● **Aim of the task**: Take the line containing "在太平洋上的熱帶性低氣壓30日2時的中心位置，在北緯 15.5 度，東經" and all lines after it, through the end of the material, and repeat them exactly, pictures left out.

%%

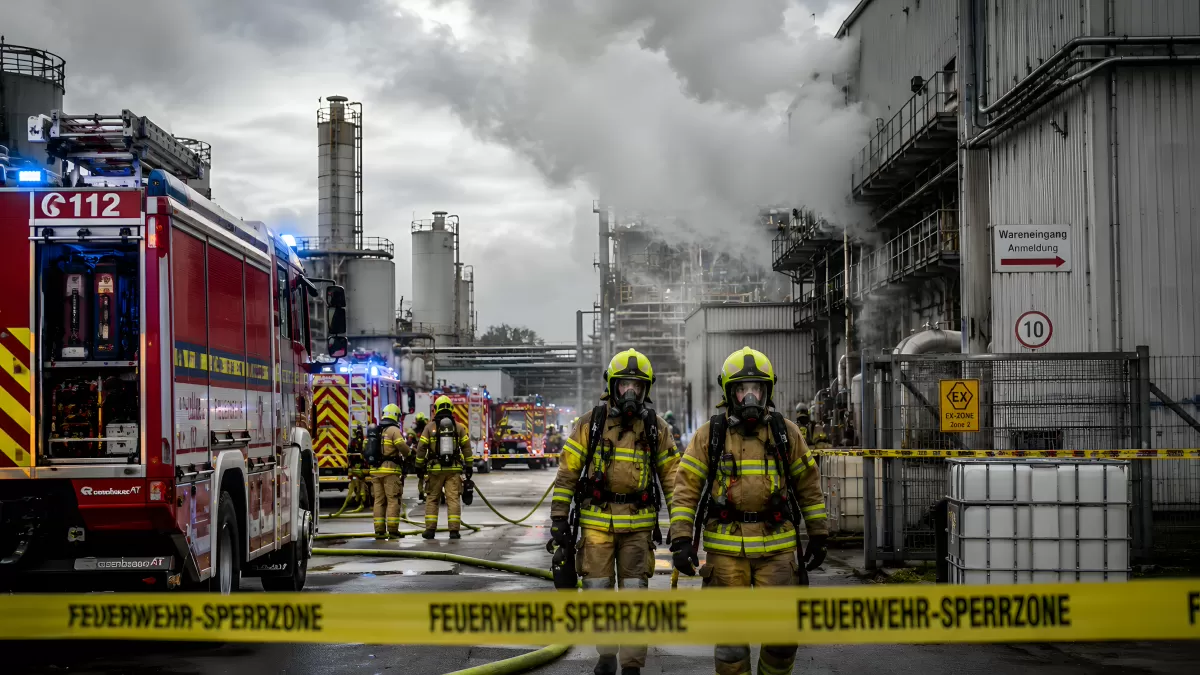 Feuerwehreinsatz in einem Chemiewerk mit Rauchentwicklung
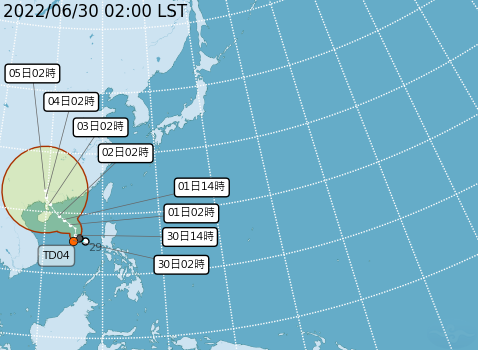 在太平洋上的熱帶性低氣壓30日2時的中心位置，在北緯 15.5 度，東經 115.0 度，以每小時8公里速度，向北北東進行。   圖：中央氣象局/提供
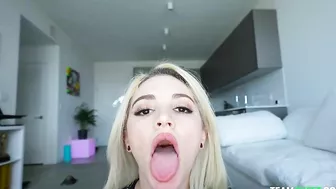 Nice POV clip of petite blonde giving XXX blowjob to excited lover
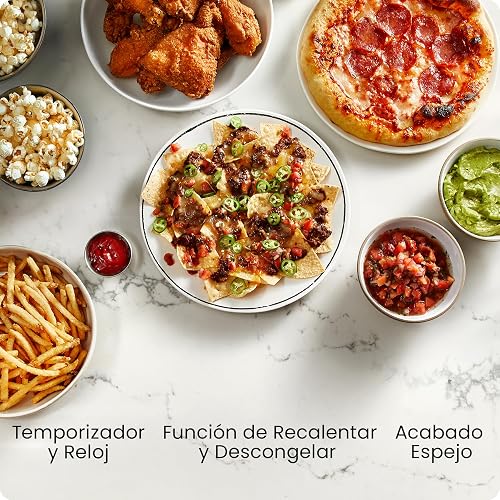 Chefman Horno De Microondas 0.7 Pies Cúbicos 8 Menús automaticos de 1150 vatios con 10 niveles de potencia, modo ecológico, memoria, función de silencio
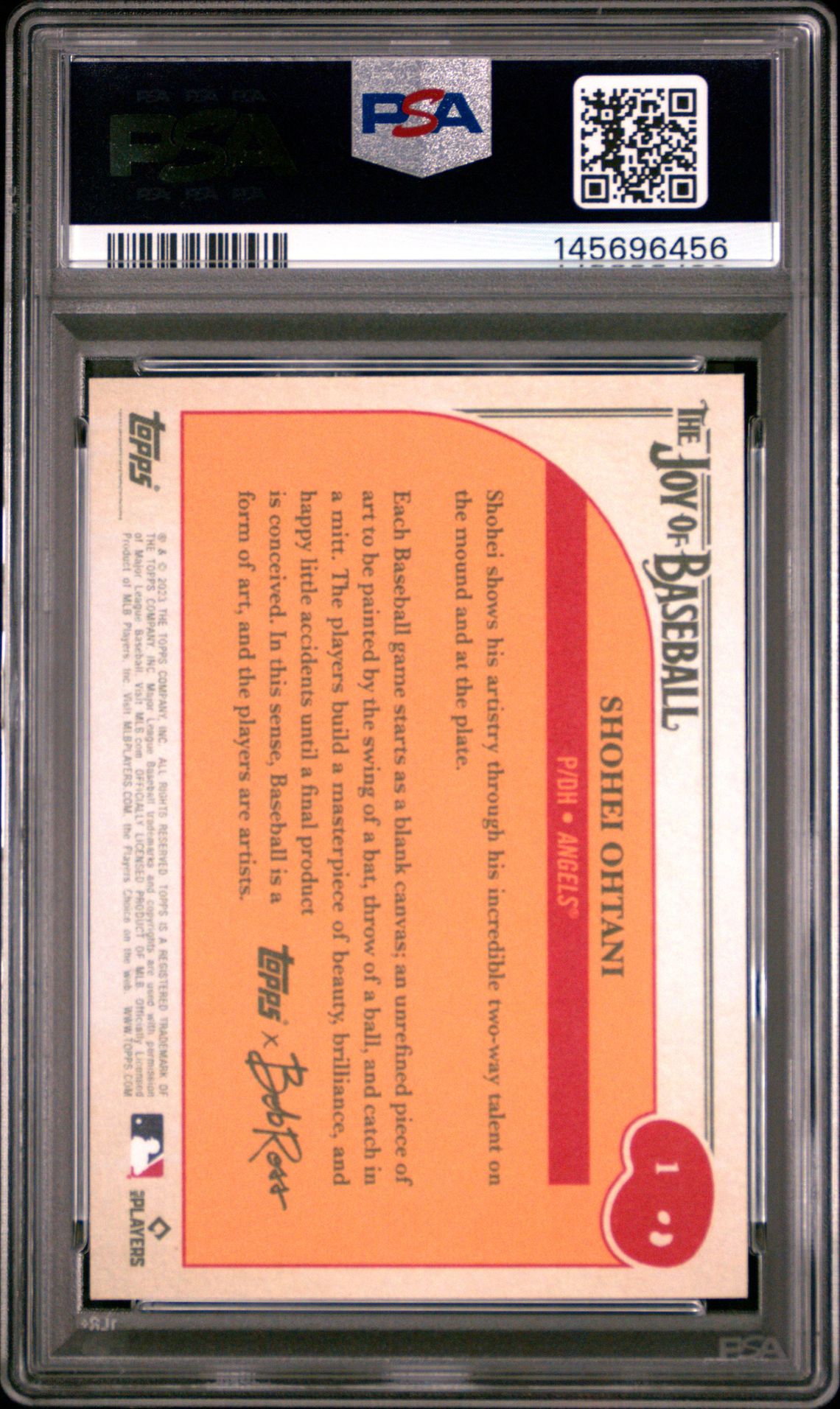 2023 Topps X Bob Ross The Joy Of Baseball Shohei Ohtani #1 Gem Mt 10 back view - PSA certificate #145696456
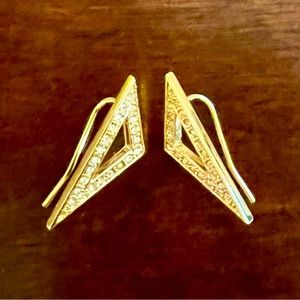 CC SKYE gold pavé crystal inset triangle earrings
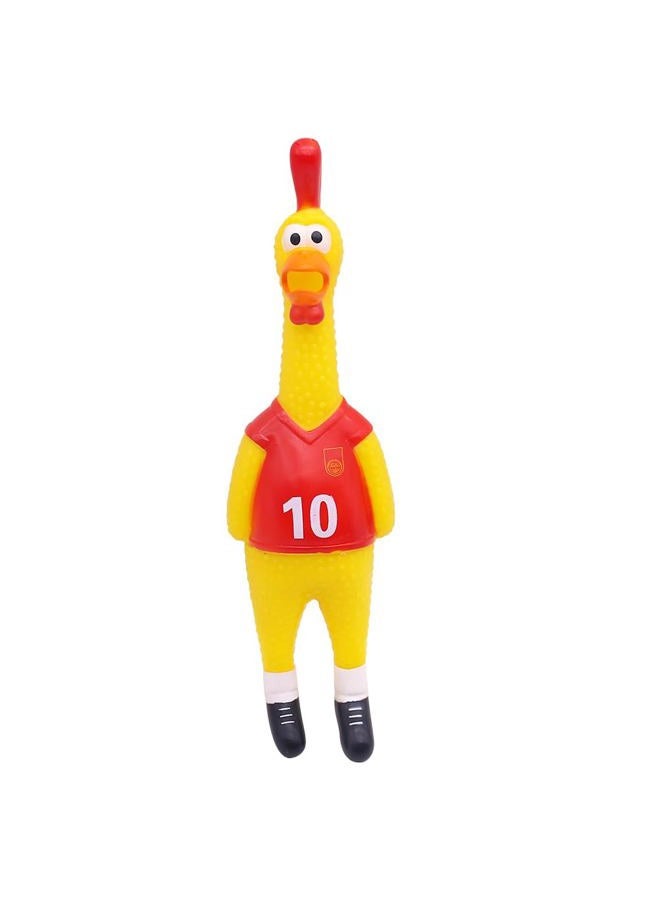 POPLAY 14inch Rubber Chicken Grade Latex Squeeze Chicken Prank Novelty Pet Toys for All Age Groups Gift for Children Family Dogs - Image 1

%%

● **Response to this exercise**:
 在太平洋上的熱帶性低氣壓30日2時的中心位置，在北緯 15.5 度，東經 115.0 度，以每小時8公里速度，向北北東進行。   圖：中央氣象局/提供
 Nice POV clip of petite blonde giving XXX blowjob to excited lover
 Chefman Horno De Microondas 0.7 Pies Cúbicos 8 Menús automaticos de 1150 vatios con 10 niveles de potencia, modo ecológico, memoria, función de silencio
 2023 Topps X Bob Ross The Joy Of Baseball Shohei Ohtani #1 Gem Mt 10 back view - PSA certificate #145696456
 CC SKYE gold pavé crystal inset triangle earrings
 POPLAY 14inch Rubber Chicken Grade Latex Squeeze Chicken Prank Novelty Pet Toys for All Age Groups Gift for Children Family Dogs - Image 1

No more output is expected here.